Tuesday, October 11, 2005

Nash Equilibrium

I might not have learnt to spell equilibrium correctly but I learnt Nash's definition of it for oligopoly/duopoly markets (markets which have 2 competing firms who want to maximize profits by competing/colluding at the same time). I have to say the primary advantage of being in B school is you learn Nash's equilibrium :-) (obviously I am kidding). No this is not Ogden Nash from the Xth Std Gulmohar textbook, the poet who wrote "Ode to Clothes" and talked about Kister Monductor. This is the person, the movie Beautiful Mind, was based out of. Nash got Nobel prize in 1994 for this.

Think about this: An interesting example given to illustrate two competitors who mistrust each other but still want to collude/compete at the same time. Criminals A and B are caught. Police tell A that if he confesses he will go free and B will get 5 years in the slammer. B is told the same thing. So the matrix is now: if A & B are silent both get 1 year. A confesses & B is silent then A goes free and B gets 5 years. A is silent and B confesses means A gets 5 years and B goes free. If both confess both get 3 years. If you are A what is your dominant strategy?

The traditional dominant strategy says that in order to reach maximizing equilibrium each party should take a position regardless of what the other party is doing or can do. So if A confesses he either goes free (if B remains silent) or gets 3 years(if B talks). So either way, whatever B does, A is better off or in the same situation as B.
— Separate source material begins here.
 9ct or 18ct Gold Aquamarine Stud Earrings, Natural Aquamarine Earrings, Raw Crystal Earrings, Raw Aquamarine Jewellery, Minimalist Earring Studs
But think about the situation where a dominant strategy is not possible. Or two "best situations" exist. Nash's equilibrium was illustrated with the example of the classic "battle of the sexes". Let us say a man and woman wanted to go out. The woman wants to go for a ballet and the man wants to go for prize-fighting show. They can only go to one show. The woman gets 1 unit of happiness if she goes to the ballet. The man gets 1 unit of happiness if he goes to the prize fight. They both get 1 unit of happiness if their partner accompanies them. They get -1 unit of happiness if their partner does not accompany them. Think about this situation as a 2 X 2 matrix with man as Y axis and woman as X axis. 0,0 represents man and woman together in prize-fight competition(man =2, woman =1). 0,1 represents man in prize fight and woman in ballet (man=-1, woman =-1). 1,0 represent man in ballet and woman in prizefight(both are so unhappy that man and woman each are -5 units unhappy). 1,1 is where man and woman are in ballet (man =1, woman =2). When man and woman sit and decide where they want to go, how do they decide? Their decision should result in a large amount of happiness units. Now clearly a more sophisticated dominant strategy is required.

Nash changed this to say that in order to acheive happiness/profit maximizing equilibrium A should do the best he/she can given what B does. B does his/her best given what A does. If you think A and B are like Coke and Pepsi fighting for market space, Nash's equilibrium changes the way firms thought about dominant strategy.


Golden Face said...

Your blog provoked me to visualize the relationships with in-laws as a series of linear algebraic equations, and I end up solving them by complex simplex method with lots of iterations.

tilotamma said...

I don't think Ogden Nash went around translating poems from Russian.The Muddlehead poem you are referring too - someone has blogged that one for us


Artful Badger said...

complex simplex method
This method is not guaranteed to terminate. It could go on forever.
Try the Karmarkar Algorithm.

Well, I guess it's trust. In the prisoner's dilemna, an element of trust and co-operation between the two lead to higher payoffs for both eventually. Trying to maximize just your own payoff lead to both doing the same, and lower payoffs for both.
International politics is a good example of that.